● What is being asked
Nothing but the lines from the one containing "TRIBUTACI�N DE OPERACIONES" to the end of the data should be copied, exactly, and the pictures stay out.

● Data excerpt
◇ ◇ ◇ ◇ ◇ ◇ ◇

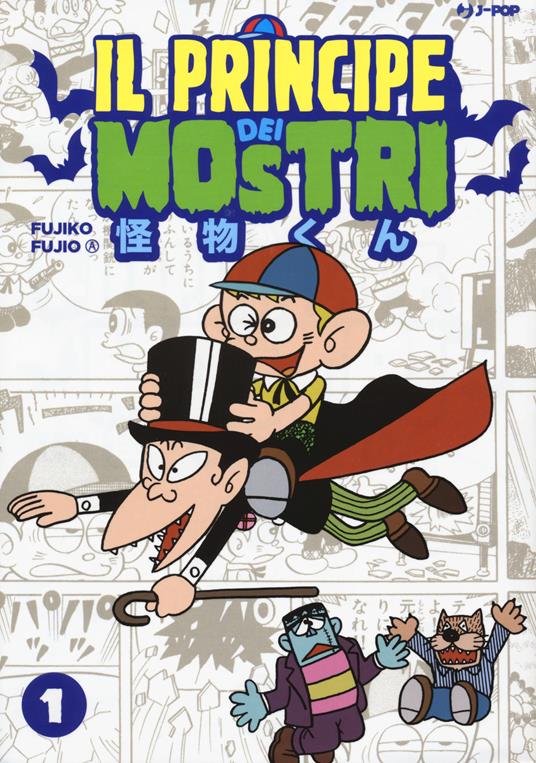 Il principe dei mostri. Vol. 1 - A. Fujio Fujiko - copertina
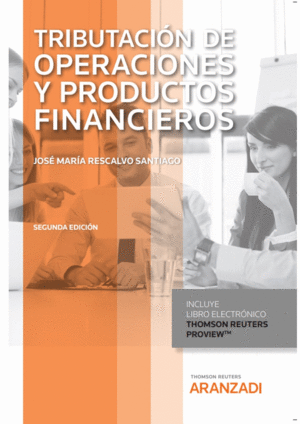 TRIBUTACI�N DE OPERACIONES Y PRODUCTOS FINANCIEROS (PAPEL + E-BOO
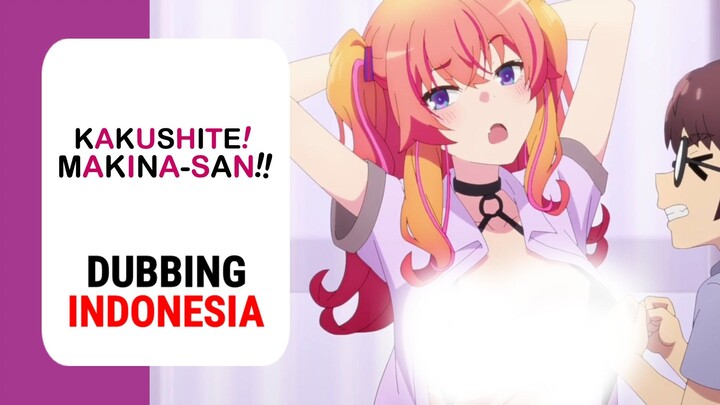【 DUB INDO 】 Judulnya di Brutalin 🗿‼️ || Kakushite! Makina-san!!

◇ ◇ ◇ ◇ ◇ ◇ ◇

● Solution for this task
 TRIBUTACI�N DE OPERACIONES Y PRODUCTOS FINANCIEROS (PAPEL + E-BOO
【 DUB INDO 】 Judulnya di Brutalin 🗿‼️ || Kakushite! Makina-san!!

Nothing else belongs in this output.